Observability

Overview

The platform implements a multi-layered observability strategy:

  • OpenTelemetry for distributed tracing and structured log export.
  • Winston for application-level logging with configurable transports.
  • MongoDB for persistent API request logging.
  • SigNoz as the backend for trace visualization, log aggregation, and dashboards.

Instrumentation

The platform provides two instrumentation setups, each tailored to different runtime contexts.

Root Instrumentation (instrumentation.ts)

This is the primary instrumentation configuration, used by the message-queue worker and other standalone processes.

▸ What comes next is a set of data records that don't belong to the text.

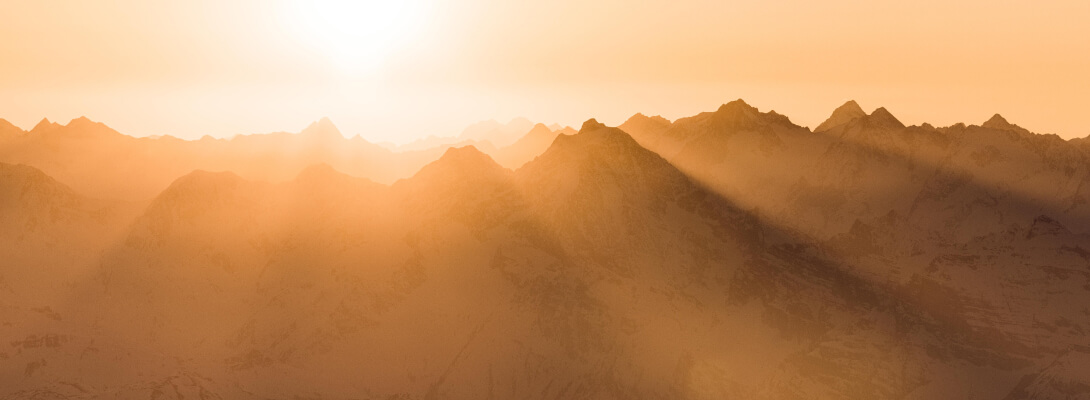 Mountain panorama with sunset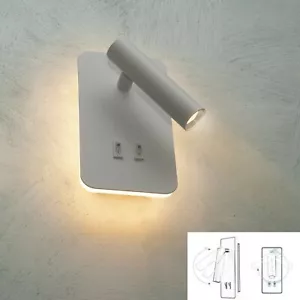 LAMPADA LED DA LETTURA DA PARETE MURO APPLIQUE 6W ORIENTABILE PER CASA HOTEL B&B - Foto 1 di 11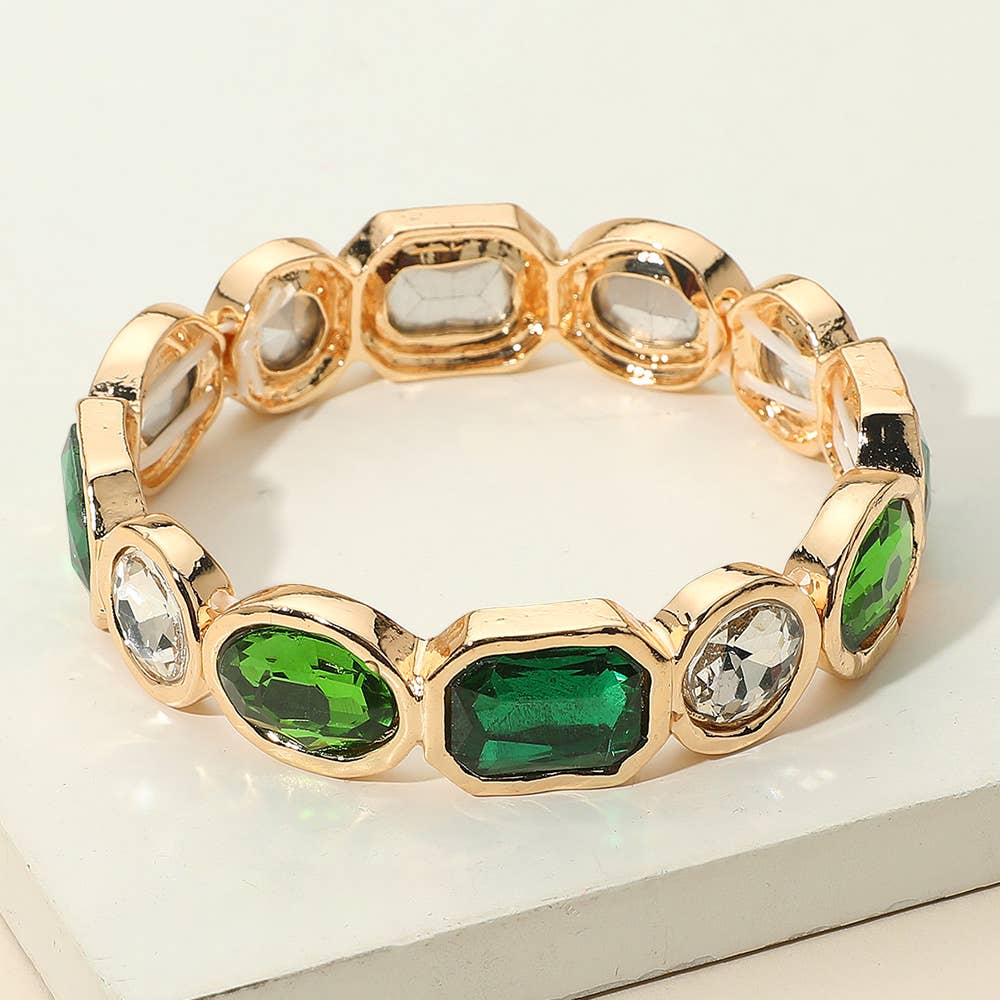 Sensibling Corp. – Pulseira por atacado – Pulseira Elástica com Pedra Oval de Corte Esmeralda Acentuada8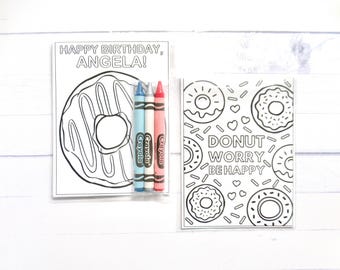 Two Sweet Donut mini coloring pages and crayons - 1 bag (1 child) - Donut party favors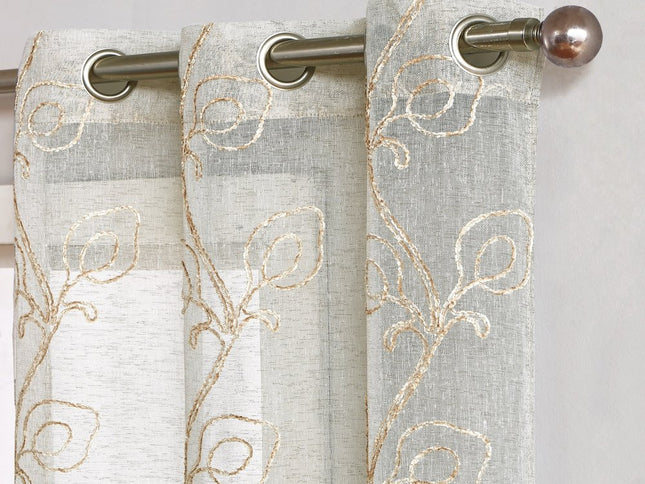 Set of Two 84" Beige Boho Embroidered Window Panels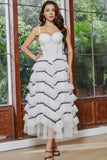 White Ruffled Tulle A-Line Engagement Party Dress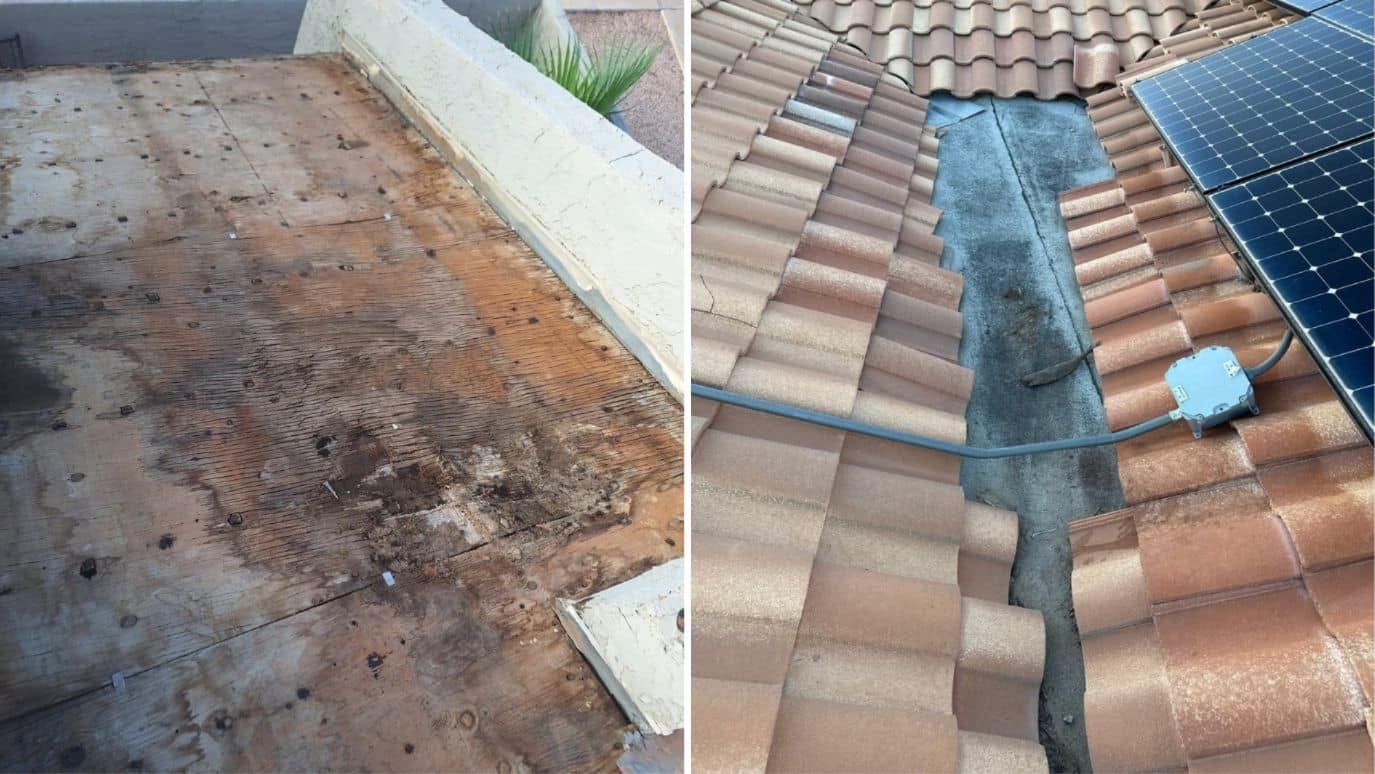 Failing tile roof underlayment in Phoenix home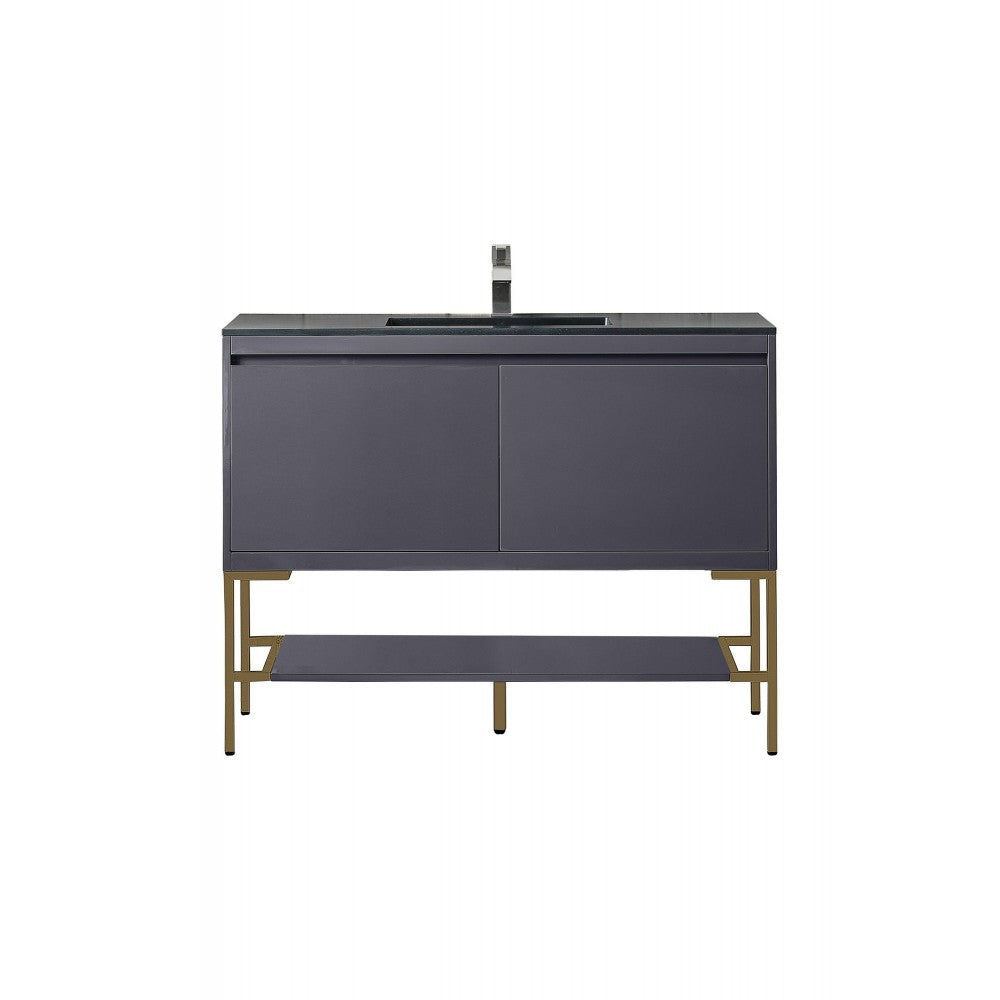 Milan 47.3" Single Vanity Modern Gray Radiant Gold, Charcoal Black Composite Top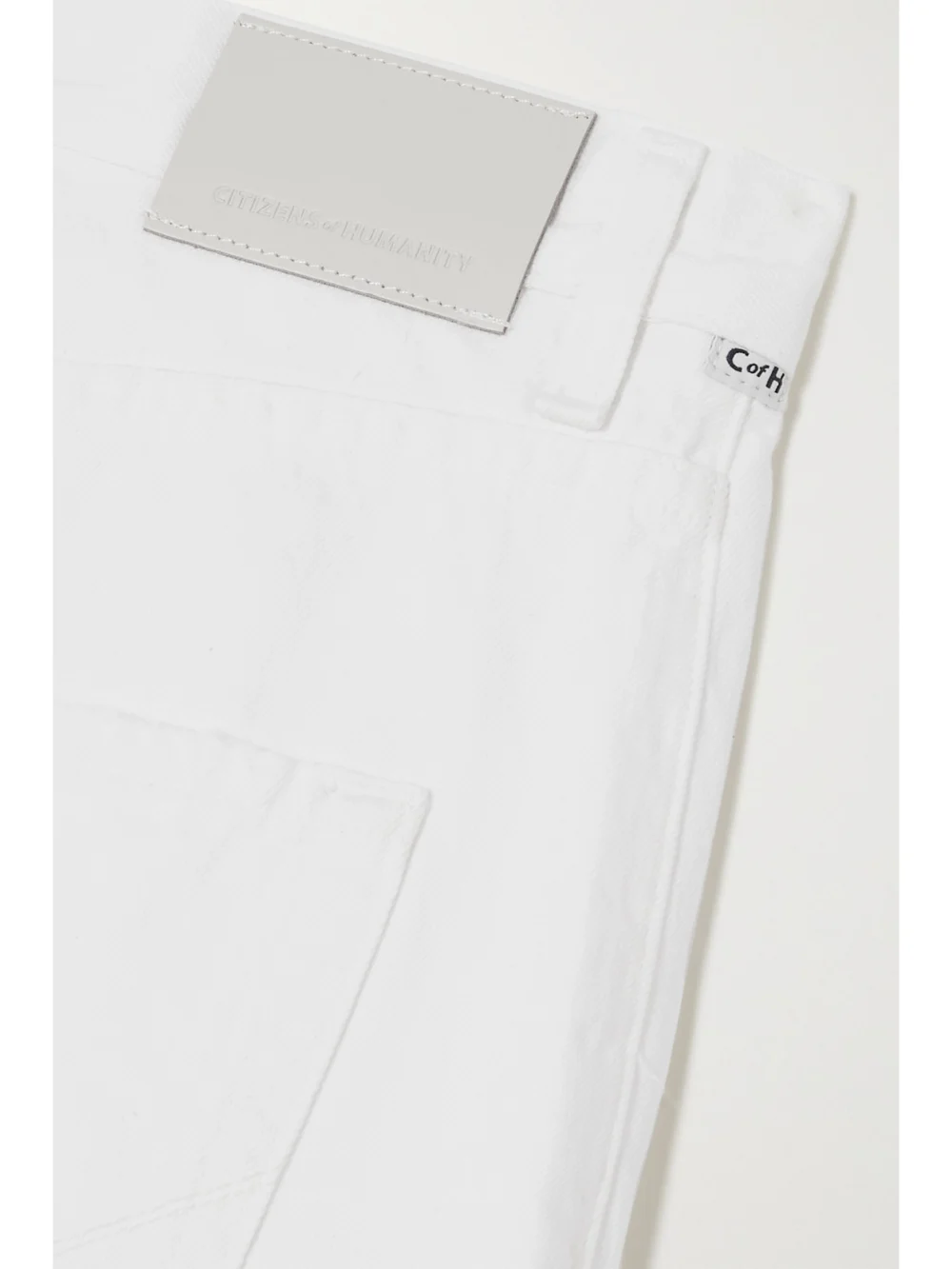 Close-up detail of the Citizens of Humanity Maritzy Pleated Boyfriend Organic Jeans
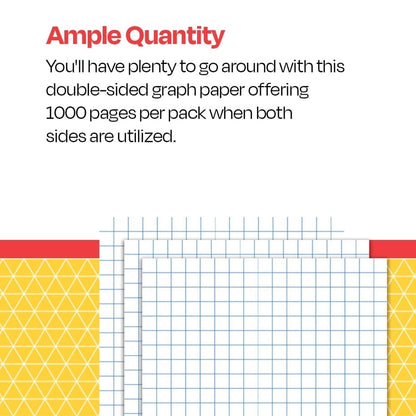 School Smart Gráficos de papel – 20,3 x 27,4 cm, 1/4 regla, dos caras, 500 unidades, color blanco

SDK: Uses the OpenTelemetry NodeSDK, the high-level all-in-one setup that handles provider registration, context propagation, and shutdown coordination.

Trace Export:

  • Protocol: OTLP over HTTP.
  • Endpoint: OTEL_EXPORTER_OTLP_ENDPOINT environment variable, with /v1/traces appended.

Log Export:

  • Protocol: OTLP over HTTP.
  • Endpoint: OTEL_EXPORTER_OTLP_LOGS_ENDPOINT environment variable.
  • Processor: BatchLogRecordProcessor, which buffers log records and exports them in batches for efficiency.

Resource:

  • Service name: OTEL_SERVICE_NAME environment variable, defaulting to zeswa-platform.

Auto-Instrumentations:

  • All available instrumentations are enabled by default.
  • The fs (file system) instrumentation is explicitly disabled to avoid excessive span generation from routine file operations.

Winston Integration:

  • Winston instrumentation is enabled to inject resource.service.name into all log records. This ensures that logs exported via OTLP carry the correct service identity for correlation in the backend.

Shutdown:

  • Registers a SIGTERM handler that calls sdk.shutdown() for graceful cleanup of exporters and processors.

Per-Service Instrumentation (libs/server/src/tracer.ts)

This instrumentation is used by individual API services and is conditionally enabled based on the OPEN_TELEMENTRY environment variable (must be set to true).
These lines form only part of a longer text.